Reedplates are very delicate and you can upset the offset of the reed very easily if you are not careful when cleaning the instrument. You can separate the reedplates from the comb by using the same screwdriver that you used to remove the coverplates. Be careful to place the screws in a safe place. They are small and can be easily lost. You can remove debris from the reedplates with very gentle and careful use of the toothbrush or even a wooden toothpick. Be careful not to flex the reeds. You can very easily damage the reeds or change the offset.

 

After you have cleaned the components, dry them, first by gentle tapping on your hand, then by a soft cloth. DO NOT dry the reedplates with a cloth because you can easily snag a reed and damage it or change its position.

When you reassemble the instrument, be care not to over-tighten the screws. Also, keep in mind that the instrument may need slight alignment and adjustment. Do not tighten the screws fully until you verify that it is assembled properly and the alignment of the comb, reedplates, and covers, is such that the instrument is still airtight. On instruments with a channel in the reedplate, make sure that the coverplates click into the channel while you tighten the coverplate screws to ensure that the covers fit properly and offer an airtight seal. Do not over-tighten screws as you can damage the screws and the instrument.

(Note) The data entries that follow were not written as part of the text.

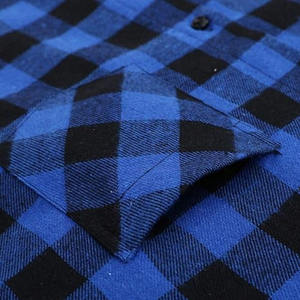 เสื้อเชิ้ตผ้าแฟลนเนลผู้ชายราคาส่ง OEM ระบายอากาศได้ดี สวมใส่สบาย คุณภาพสูง ราคาถูก สำหรับผู้ใหญ่ - Product Image 5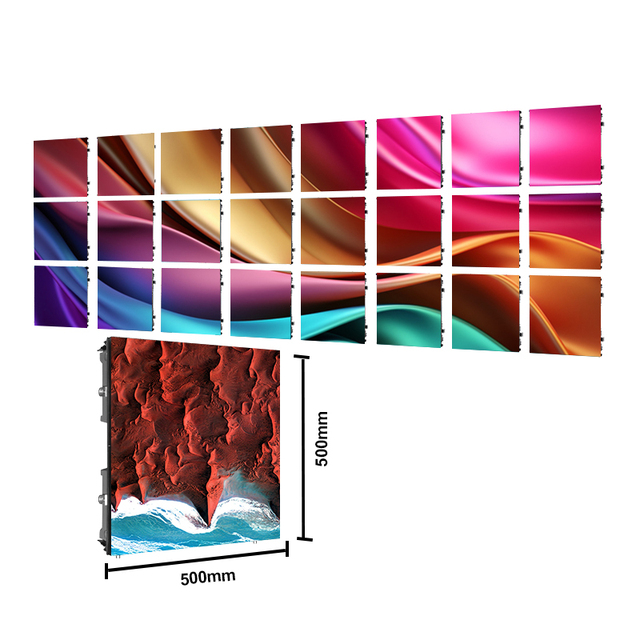 P2.6 P3.91 P2.976 Indoor Modular Rental LED Display 500x500 Front Service IP65 Waterproof 3-Year Warranty LED Backdrop LED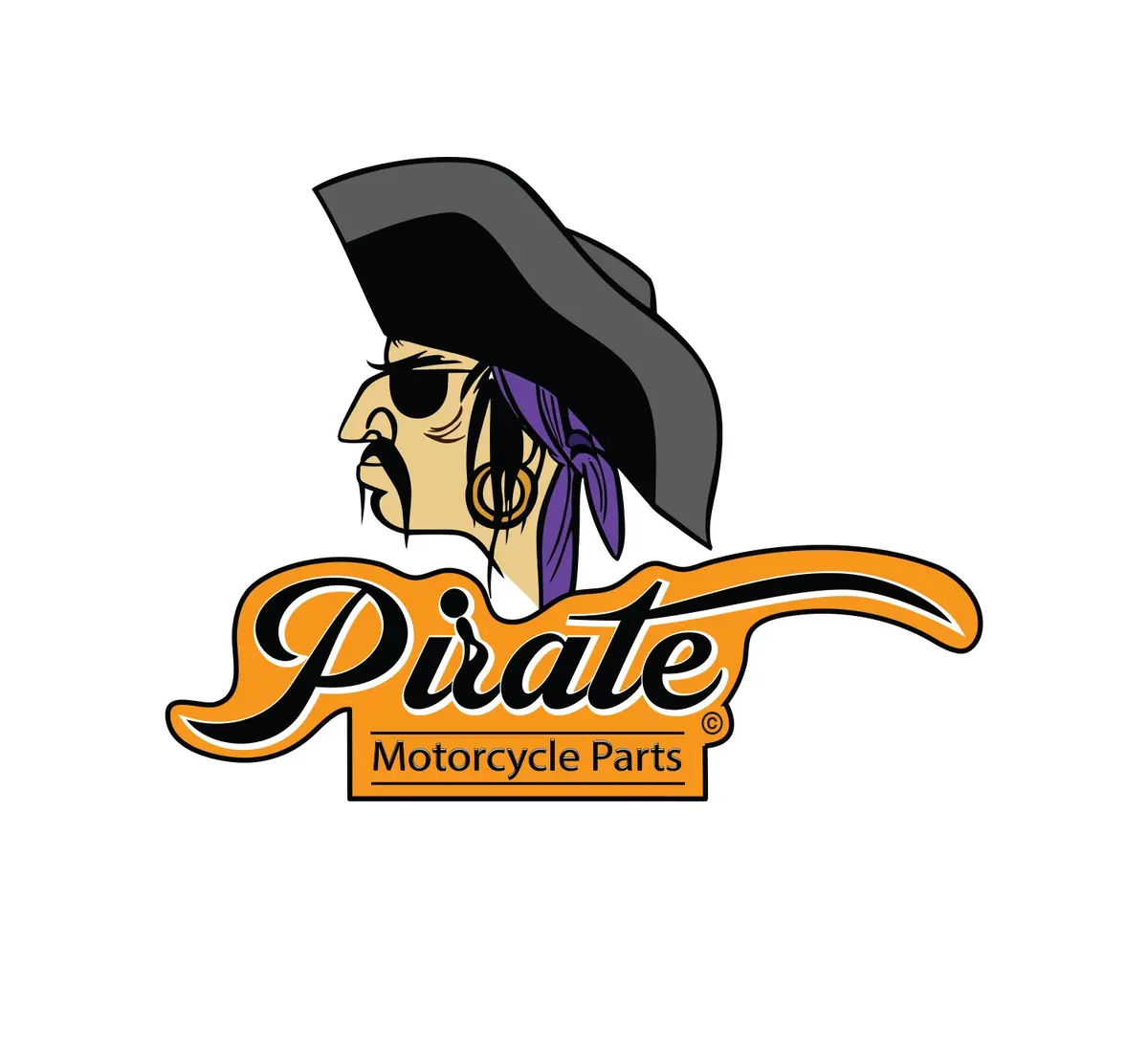 Pirate Brand Patch - V-Twin Mfg. 1
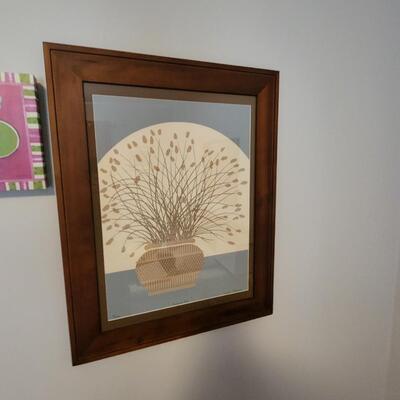 Pussy Willows by Lewis Stevens 5/500 Wood Frame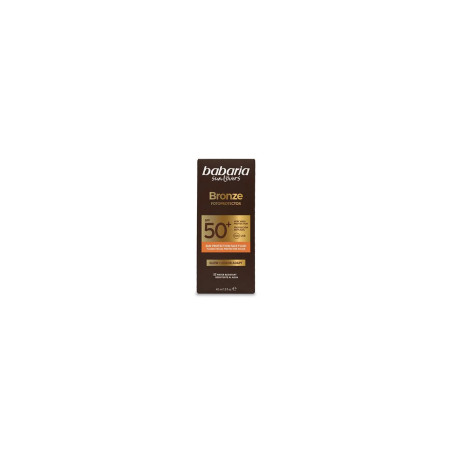 Babaria Sol Bronze Facial Fluido Solar Fotoprotector Glow Color Spf50 40ml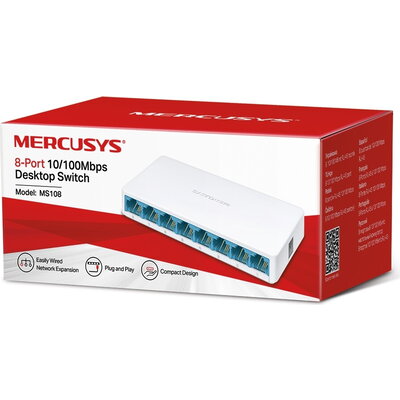 Суич MERCUSYS 108 8P 100MBS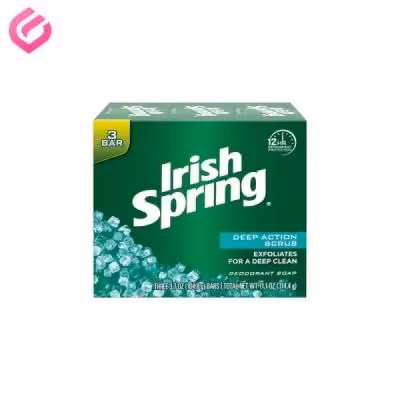 صابون لایه‌بردار آیریش اسپرینگ Deep Action Scrub(بسته 3عددی)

Alternately, all blues models (without valves) can be submerged in an ultrasonic cleaner filled with water. Do not use any cleaning agents, only water!

 

Seydel Repair Service

We offer professional repair services at competitive prices. We perform general maintenance, reed replacement, reedplate replacement, tuning, valve renewal, slider repair and replacement, and many other procedures to keep your instrument in top playing condition.

Please send the cleaned instrument with a short description of the problem. Include your full address, telephone number, and e-mail address. While in some cases, repair may take a longer time, typically, repairs are completed within a few working days of receiving the instrument. 

 

IMPORTANT! Improper adjustment and repair work will void the manufacturer’s warranty.

 

Maintenance Tips for the Triola

  • Food and drink, especially sugared drinks, can damage the Triola. Encourage your child to play with a clean mouth. Proper oral hygiene will help ensure that the instrument plays well and lasts longer.
  • Allow the instrument to dry out completely before placing it back into its case.
  • Teach your child to use his or her lips to hold the mouthpiece in place, not teeth. Biting the mouthpiece will damage it and does not allow the player to produce a full and proper tone.